╭─ Data section
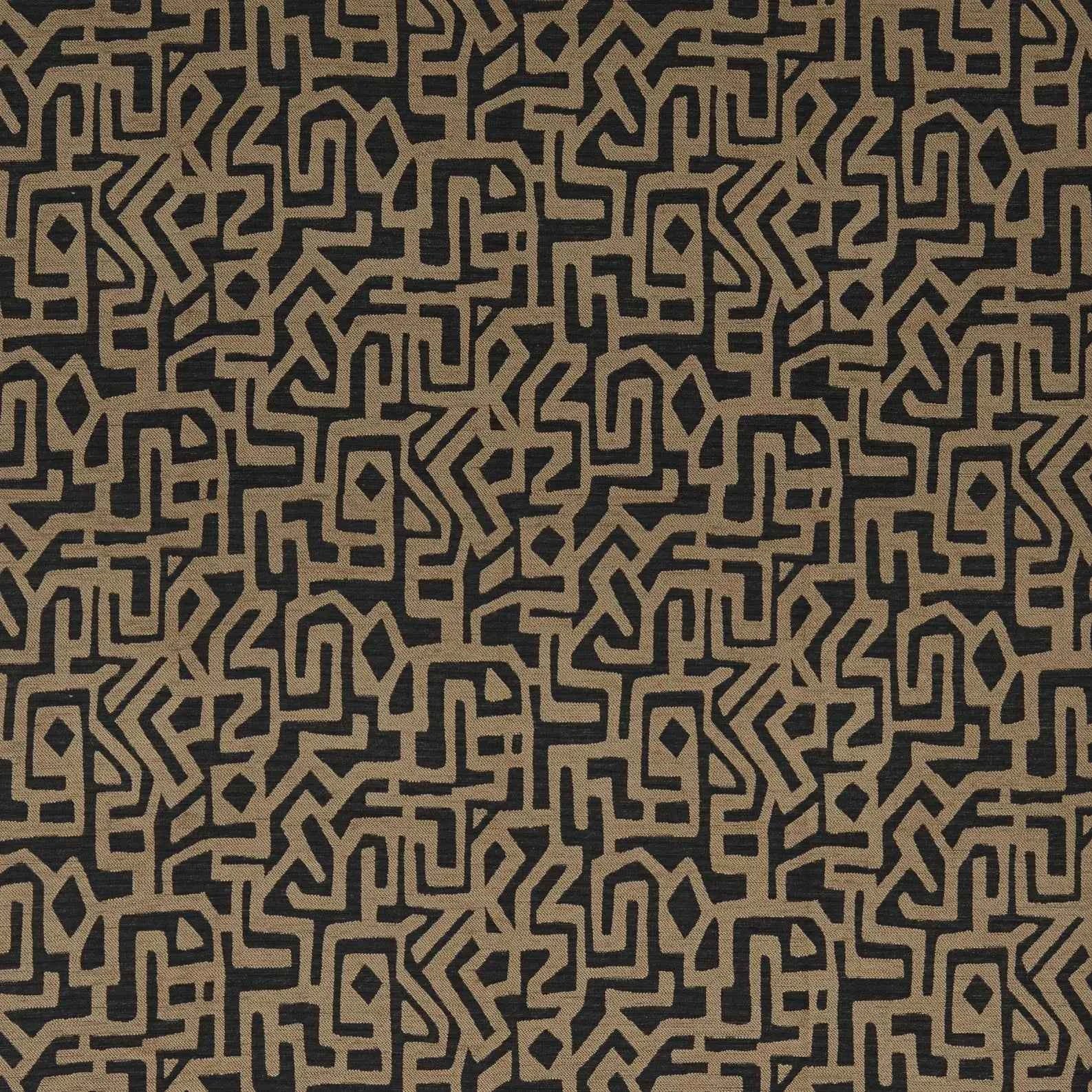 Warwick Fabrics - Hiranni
╰─
╭─ Data section
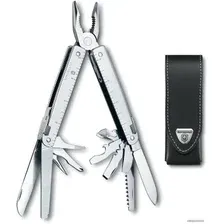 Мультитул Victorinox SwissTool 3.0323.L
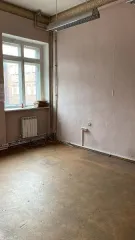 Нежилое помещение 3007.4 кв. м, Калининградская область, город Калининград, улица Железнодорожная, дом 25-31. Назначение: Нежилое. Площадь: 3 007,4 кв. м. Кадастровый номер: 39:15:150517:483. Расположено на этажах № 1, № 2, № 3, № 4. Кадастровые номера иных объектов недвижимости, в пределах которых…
╰─
╭─ Data section
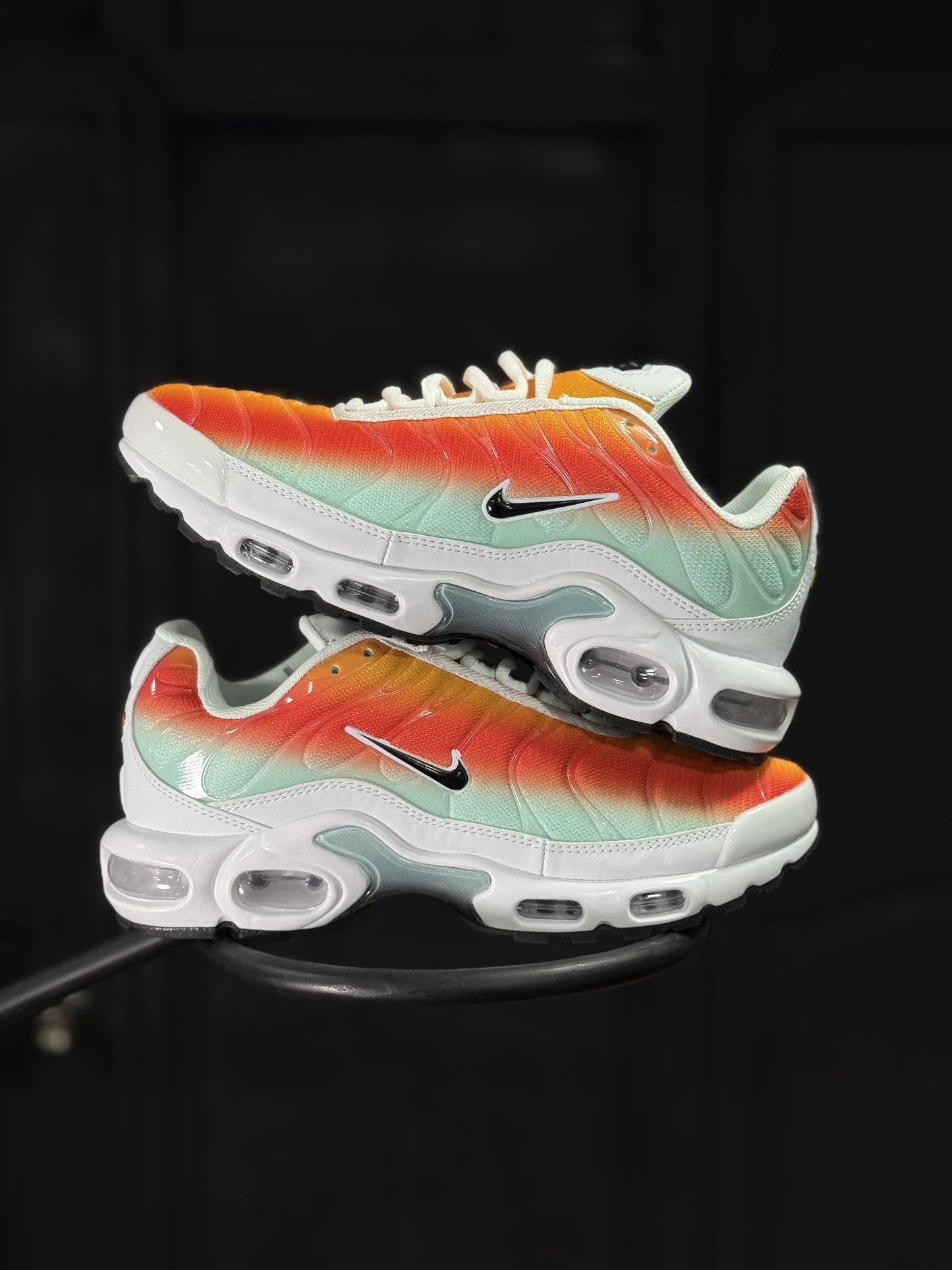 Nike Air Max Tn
╰─
Only one stretch of the entries above is needed: the lines from the one containing "Мультитул Victorinox SwissTool 3.0323.L" through the one containing "Нежилое помещение 3007.4". Copy it exactly, without the pictures.

- Task answer:
 Мультитул Victorinox SwissTool 3.0323.L
 Нежилое помещение 3007.4 кв. м, Калининградская область, город Калининград, улица Железнодорожная, дом 25-31. Назначение: Нежилое. Площадь: 3 007,4 кв. м. Кадастровый номер: 39:15:150517:483. Расположено на этажах № 1, № 2, № 3, № 4. Кадастровые номера иных объектов недвижимости, в пределах которых…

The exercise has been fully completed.